譲渡先となる日本ダイヤモンドは、日本初のダイヤモンド工具メーカーとして1917年に設立以来、ダイヤモンド工具業界のパイオニアとして活動を続け、土木建築用並びに耐火物用、産業用工具分野において、確固たる地位を築いている企業。今回の譲渡により、総合ダイヤモンド工具メーカーとして更に発展することが見込まれる。
2009年に生産額前年比40.2%減という大規模な落ち込みを経験したダイヤモンド工業市場であるが、2010年には前年比52.1%増と大きくゆり戻して回復し、2011年も前年比3.3%増と、堅調に回復している。中でも研削ホイール事業は2010年に前年比81.8%増、2011年も前年比3.5%増と、他のダイヤモンド工具と比して大きく回復している。
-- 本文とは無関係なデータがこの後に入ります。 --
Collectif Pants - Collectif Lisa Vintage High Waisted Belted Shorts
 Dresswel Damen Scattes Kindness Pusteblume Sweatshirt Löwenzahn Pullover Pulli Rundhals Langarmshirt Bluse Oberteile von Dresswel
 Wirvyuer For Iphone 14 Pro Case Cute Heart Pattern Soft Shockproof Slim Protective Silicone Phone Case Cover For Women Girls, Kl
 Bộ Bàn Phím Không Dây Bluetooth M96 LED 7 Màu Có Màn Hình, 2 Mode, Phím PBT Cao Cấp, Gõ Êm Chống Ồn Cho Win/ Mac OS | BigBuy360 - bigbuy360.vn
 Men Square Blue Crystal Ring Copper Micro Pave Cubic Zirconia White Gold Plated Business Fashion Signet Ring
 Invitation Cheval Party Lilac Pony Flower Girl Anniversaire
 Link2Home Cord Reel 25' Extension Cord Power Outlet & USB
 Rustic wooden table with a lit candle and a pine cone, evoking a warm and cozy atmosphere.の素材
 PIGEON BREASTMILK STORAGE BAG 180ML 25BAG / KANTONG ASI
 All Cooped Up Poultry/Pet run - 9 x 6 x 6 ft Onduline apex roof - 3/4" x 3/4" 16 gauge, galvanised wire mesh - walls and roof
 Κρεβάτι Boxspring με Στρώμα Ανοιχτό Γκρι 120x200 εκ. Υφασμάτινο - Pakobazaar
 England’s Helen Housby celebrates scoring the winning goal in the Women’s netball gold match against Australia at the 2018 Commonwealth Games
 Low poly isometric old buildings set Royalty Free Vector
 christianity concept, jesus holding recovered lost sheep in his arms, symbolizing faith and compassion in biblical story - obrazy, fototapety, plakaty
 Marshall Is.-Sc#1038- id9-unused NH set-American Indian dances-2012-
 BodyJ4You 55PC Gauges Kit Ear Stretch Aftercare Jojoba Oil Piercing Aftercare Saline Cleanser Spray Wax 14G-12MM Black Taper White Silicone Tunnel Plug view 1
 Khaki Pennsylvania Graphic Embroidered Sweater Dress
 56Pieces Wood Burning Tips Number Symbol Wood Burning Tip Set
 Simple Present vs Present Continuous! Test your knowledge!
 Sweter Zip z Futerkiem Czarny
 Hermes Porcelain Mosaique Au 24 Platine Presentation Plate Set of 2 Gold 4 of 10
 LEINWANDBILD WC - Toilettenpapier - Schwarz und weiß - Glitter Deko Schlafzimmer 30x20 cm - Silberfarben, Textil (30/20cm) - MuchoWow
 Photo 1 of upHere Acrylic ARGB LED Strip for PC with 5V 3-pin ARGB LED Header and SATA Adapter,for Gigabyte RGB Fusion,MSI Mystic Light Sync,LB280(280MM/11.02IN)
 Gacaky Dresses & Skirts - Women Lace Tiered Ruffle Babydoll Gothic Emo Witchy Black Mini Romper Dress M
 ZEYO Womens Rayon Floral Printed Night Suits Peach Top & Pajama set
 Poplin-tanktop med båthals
一方で、2011年の12月だけの生産額を見ると、対前年同月比でダイヤモンド工具全体では15.8%減となる中、研削ホイールは23.0%減と大きく落ち込んでいる。今回の事業譲渡が三菱マテリアルにとってプラスとなるのか、それとも日本ダイヤモンドが発展する好機となるのか。今後の動向に注目が集まるところだ。